W istocie, widmo Zlatana często unosiło się nad Stadio Olimpico. Szwed rozegrał już 19 spotkań przeciwko Romie i to najczęstszy rywal, z którym się mierzy na Półwyspie Apenińskim. A przy okazji równie często go rani. Bramkarze Giallorossich już dziesięć razy wyjmowali piłkę z siatki po uderzeniach Ibrahimovicia – od 39-latka we Włoszech więcej ciosów (12) przyjęło tylko Palermo.

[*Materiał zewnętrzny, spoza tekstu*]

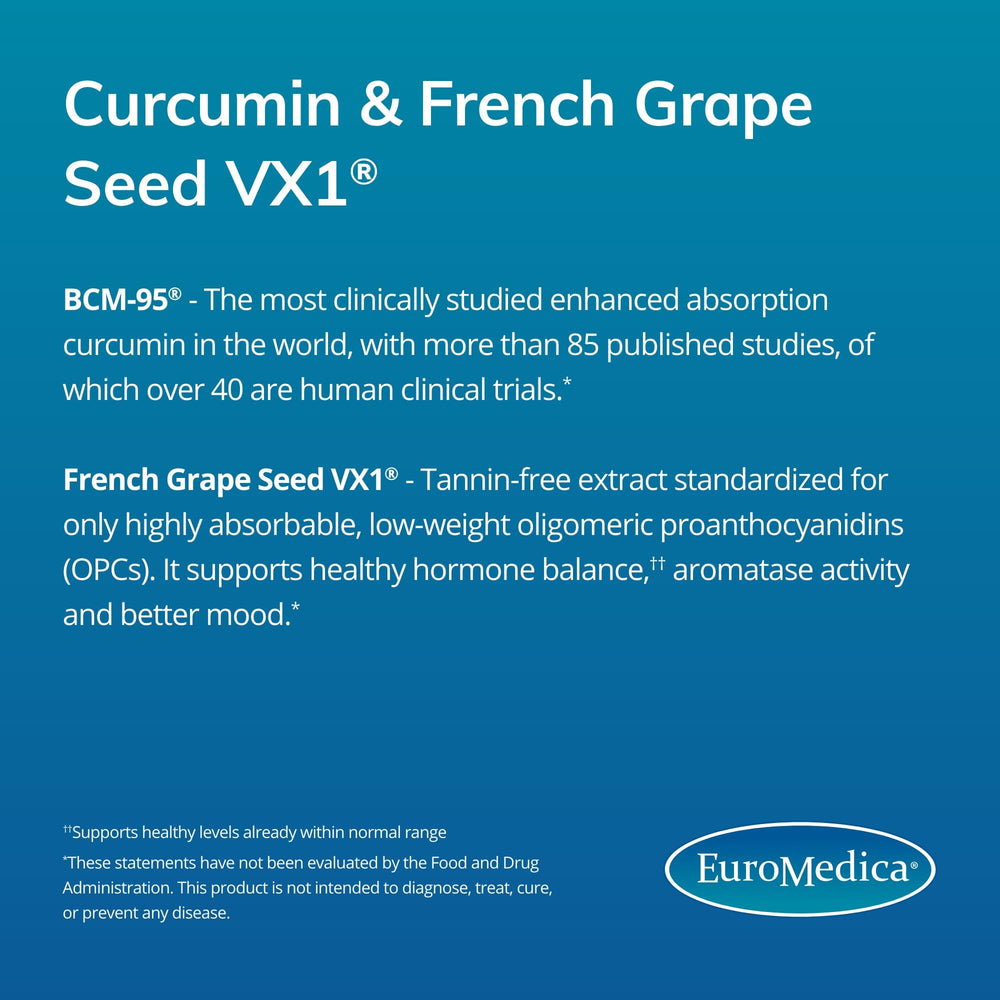 EuroMedica DIM Curcumin bottle with glass, ideal for daily intake with meals.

W Romie znajdzie się kilku starych znajomych Zlatana, choćby Pedro z Barcelony lub Henrich Mychitarian z Manchesteru United. Ten drugi już zdążył wbić szpilę Szwedowi, opowiadając prasie historię z Ligi Europy w sezonie 2016/17, gdy Czerwone Diabły wybrały się na mecz w Rostowie. „Wszyscy wiedzą, że Ibrahimović porównuje się do bóstwa, ale jak wylądowaliśmy w Rostowie, to powiedziałem mu: - Teraz zobaczysz, kim jest prawdziwy bóg! Na mecz przyjechało wielu Ormian, którzy skandowali moje nazwisko. Wtedy Zlatan zrozumiał, że jest też inny bój – ja!” – żartował Mychitarian. Czyje nazwisko będzie skandowane więcej razy po dzisiejszym meczu?